Xinjiang merupakan tanah air untuk kurang lebih dua belas juta Muslim. Mayoritas mereka dari etnis Uighur, dan minoritas dari etnis Kazakh, Kirgyz, dan Tajiks, serta Hui, yang sekaligus menjadi etnis Muslim terbesar di Tiongkok. Perlu dicatat, Muslim Hui dan Muslim yang berada di luar Xinjian, bisa dikatakan menikmati kebebasan beragama, dalam batas-batas tertentu. Ini menunjukkan bahwa tidak semua Muslim di Tiongkok mengalami represi. Tapi juga tidak bisa menutupi bahwa represi terjadi di sebagian wilayah, seperti di Xinjiang.

Mengapa di Xinjiang muslim direpresi dan wilayah lain tidak? Tulisan ini akan coba mendiskusikan dari kacamata Edward Said tentang Geografi Imajinatif “Imaginative Geography”, tentang bagaimana persepsi dan representasi terhadap suatu wilayah geografi itu dibentuk atau bahkan diciptakan (invented) untuk menguasai wilayah tertentu. Politik memori yang dimaksud dalam tulisan ini tentang bagaimana persepsi dan representasi itu dibentuk selalu oleh kekuasaan yang dominan.

Singkatnya, usaha untuk menguasai suatu wilayah dilakukan dengan politik memori, dalam konteks Xinjiang; pertama-tama, wilayah ini dipersepsikan sebagai bagian dalam negara besar Tiongkok. Menurut Said, pada titik inilah proses penciptaan sejarah bisa terjadi. Kedua, penduduk yang mendiami wilayah ini harus merepresentasikan kultur negara besar atau identitas nasional.

Pendapat umum tentang negara-bangsa adalah satu negara merepresentasikan satu bangsa. Satu alasan munculnya gejolak pasca pembentukan negara pasca-kolonial dipicu oleh isu nasionalisme yang menolak berbagi wilayah yang sama dengan bangsa lain. Kelompok mayoritas yang dominan menginginkan ekstensi batas negara, sementara kelompok minoritas merasa menderita diatur dalam satu kekuasaan yang hegemonik yang berbeda identitas.

Membentuk Persepsi

Persepsi tentang suatu wilayah dibangun oleh narasi historis.

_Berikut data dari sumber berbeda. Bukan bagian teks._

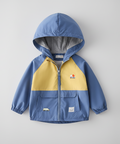 Colorful Hooded Windbreaker Jacket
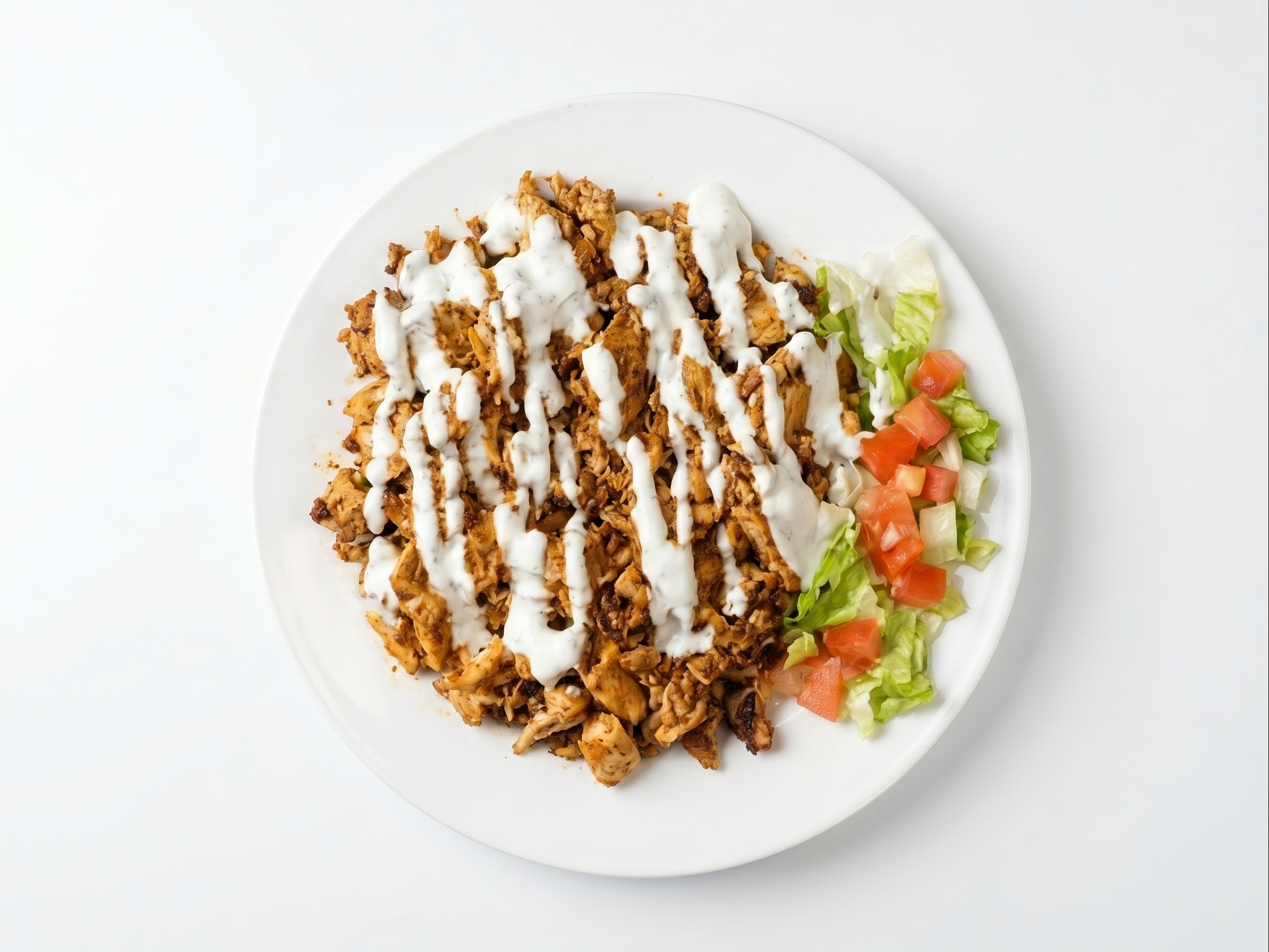 Chicken Over Rice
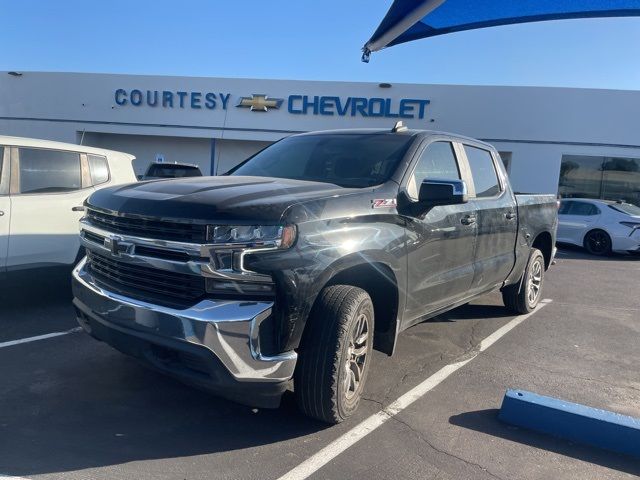 2022 Chevrolet Silverado 1500 LTD LT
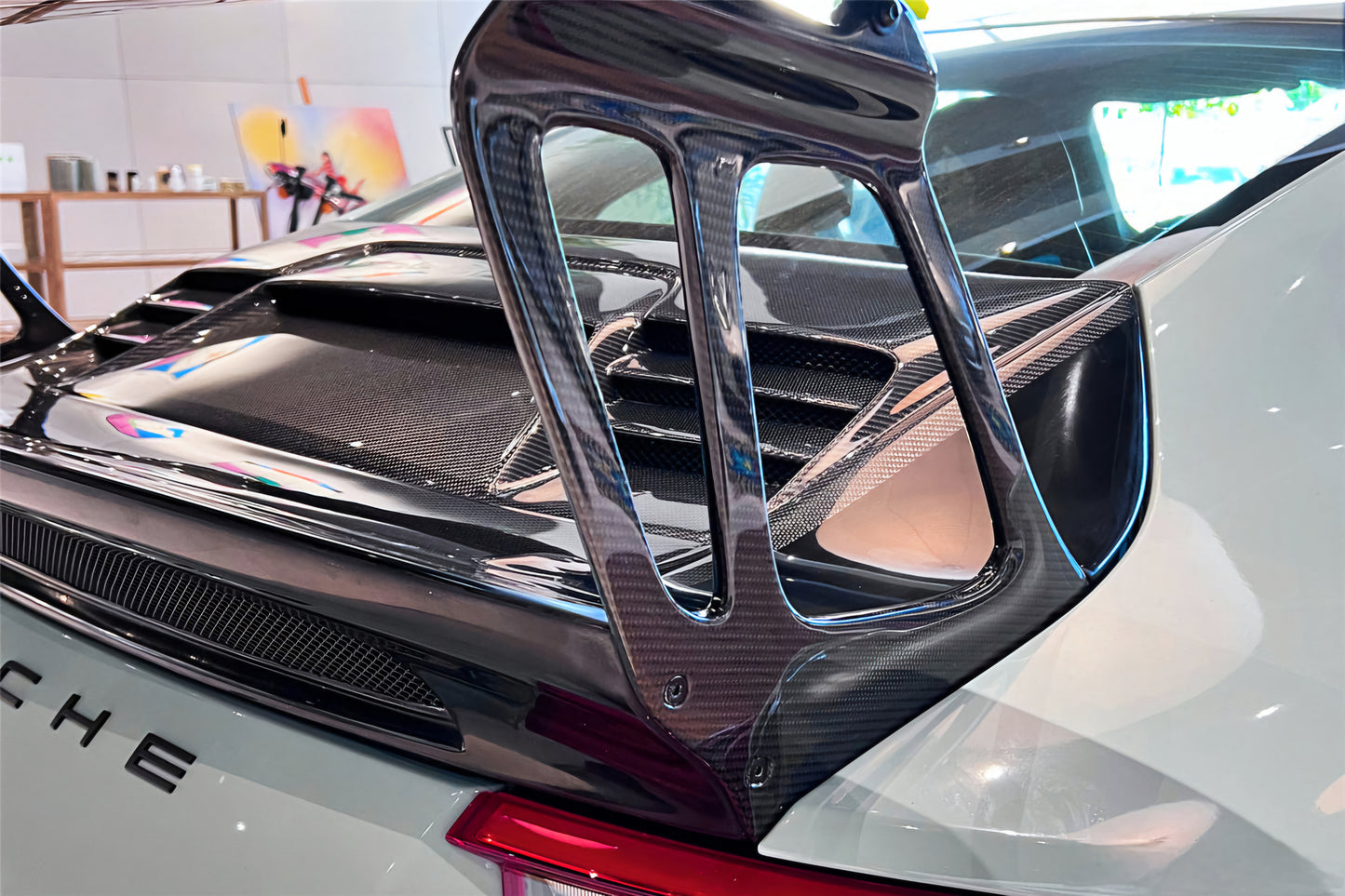 Porsche 911 (991.1 & 991.2) 2011-2019 Carbon Fiber GT3 RS-Style Spoiler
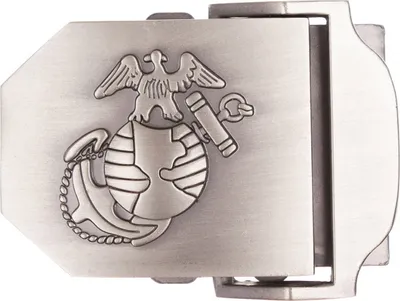 Produktbild von MFH USMC Gürtelschnalle, silber, Metall, ca. 4 cm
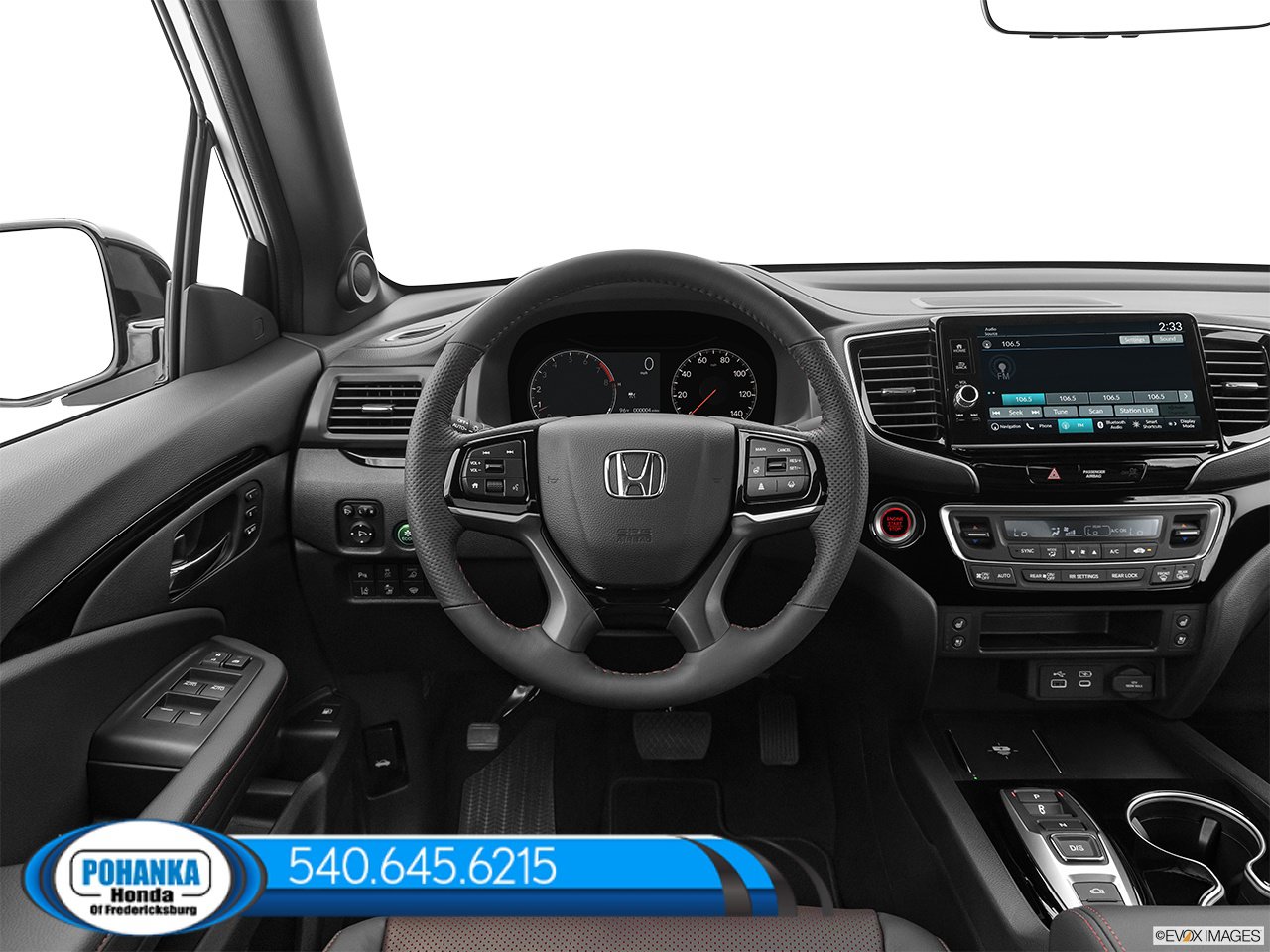 New 2026 Honda Ridgeline Black Edition image 12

Sudah menjadi pengetahuan umum bahwa sejarah sering kali ditulis oleh pemenang. Sejarah suatu wilayah bisa ditulis ulang untuk membangun persepsi baru untuk melegitimasi sebuah wilayah.

Apalagi, ini menjadi penting pasca kolonialisme dan negara-bangsa perlahan terbentuk dengan ‘sempurna’, ditandai dengan batas-batas negara yang fixed. Saya menyebut perlahan, karena di sebagian wilayah, tuntutan atas batas wilayah itu masih dipertarungkan. Tiongkok sendiri merilis peta terbarunya pada Agustus 2023, tahun lalu, yang menuai kritik dan kecaman keras dari sejumlah negara karena dianggap terjadi “perampasan lahan kartologis”.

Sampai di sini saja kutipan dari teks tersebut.